HALIFAX -- Researchers from Canada and the U.S. have used math to unravel one of the greatest musical mysteries of the modern era: Who wrote "In My Life," a nostalgic rock ballad on the Beatles' 1965 album "Rubber Soul."
It's a song both John Lennon and Paul McCartney have taken credit for, sparking an enduring debate on the authorship of the melody and chords.
But a new statistical model developed by researchers at Dalhousie and Harvard universities has been used to analyze multiple Lennon-McCartney songs, concluding Lennon likely penned "In My Life."
"There is a chance that Paul wrote it, but from our model we come down on the side that it was John who likely wrote it," said Jason Brown, a mathematics professor at Dalhousie in Halifax.
At issue is a claim by McCartney that Lennon wrote the lyrics, while he wrote all the music. Lennon, however, claimed he wrote the lyrics and music and McCartney may have helped with the "middle eight" or the song's bridge.

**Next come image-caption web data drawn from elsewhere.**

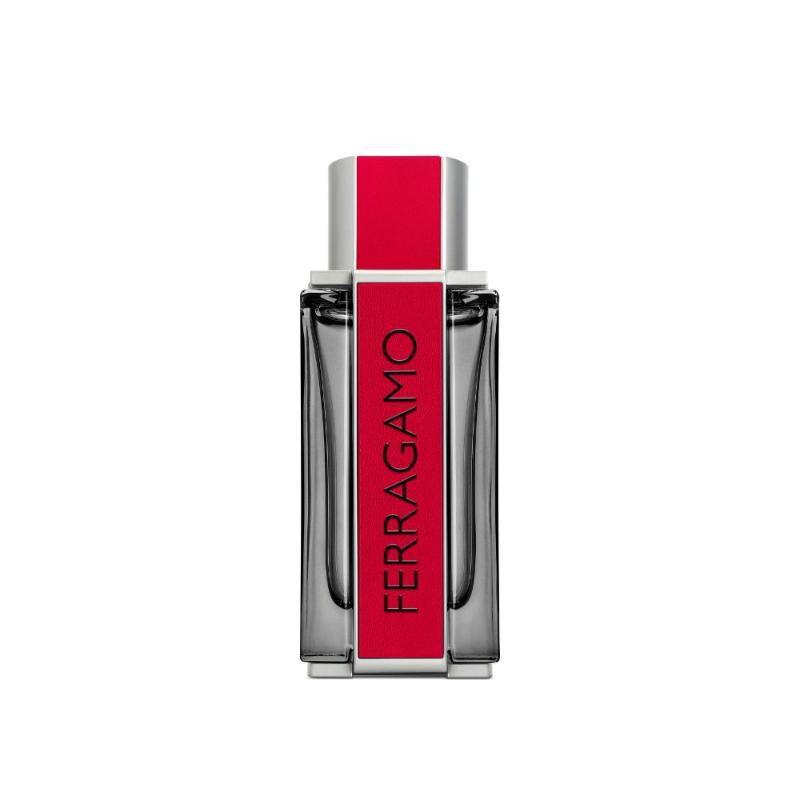 Salvatore Ferragamo Vara WRT 6 D レッド Ferragamo Red Leather EDP - Farmacias Arrocha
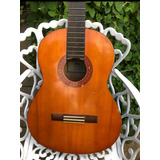 Guitarra Criolla Yamaha C 40 Con Funda.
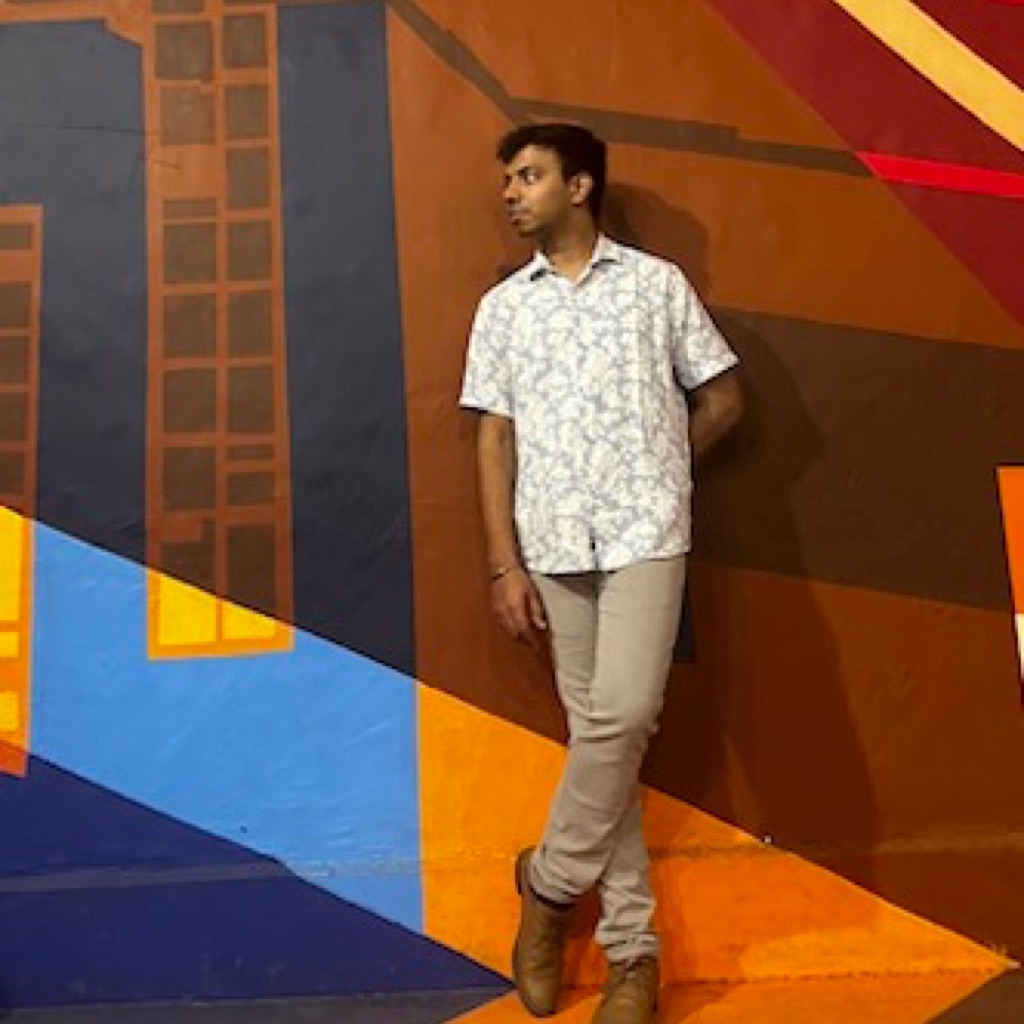 AppleMusic profile picture for @krishnan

Brown, Harvard statistician Mark Glickman and student Ryan Song analyzed roughly 70 songs on albums from "Please Please Me" to "Revolver" using five main categories: Melody notes, sequences of two notes, chords, sequences of two chords and melodic contour.
Each category was then further broken down, resulting in 149 categories for data collection.
The model, which is 80 per cent accurate, found a 98 per cent probability that Lennon wrote "In My Life," Brown said.
While it's not a guarantee, he said the data-collecting process used by the researchers identifies patterns in songs rather than subjectively "cherry picking" what to look for.
The researchers also applied the model to other songs of contested authorship such as "The Word" and "Misery," finding it likely McCartney wrote the former and Lennon the latter.
"There are other songs as well and parts of songs where the recollection may be a little bit foggy," Brown said.
Despite the rigour applied to the research, Brown expects the feedback will be mixed.
"I have found over the years doing projects on mathematics and the Beatles that talking about the Beatles is sort of a theology for a lot of people," he said. "They have very strong beliefs and feelings about the Beatles individually and collectively."
Glickman presented the data at a statistics conference in Vancouver last month, and the researchers are in the process of submitting their findings to an academic journal.
Using mathematics and statistics to solve musical mysteries may seem unusual, but Brown said they are alike in many ways.
"They're similar in the sense that they both focus on patterns," he said. "What we appreciate a lot in music are patterns and how patterns are transformed through the composing process and how we experience those patterns, and mathematics is often called the science of patterns. It gives us the tools to analytically look at patterns.
"I think it's this love of patterns that is a commonality between mathematics and music."
Brown said the model could be applied to other music to help address the bigger issue of music authentication, where the composer is unknown or in dispute.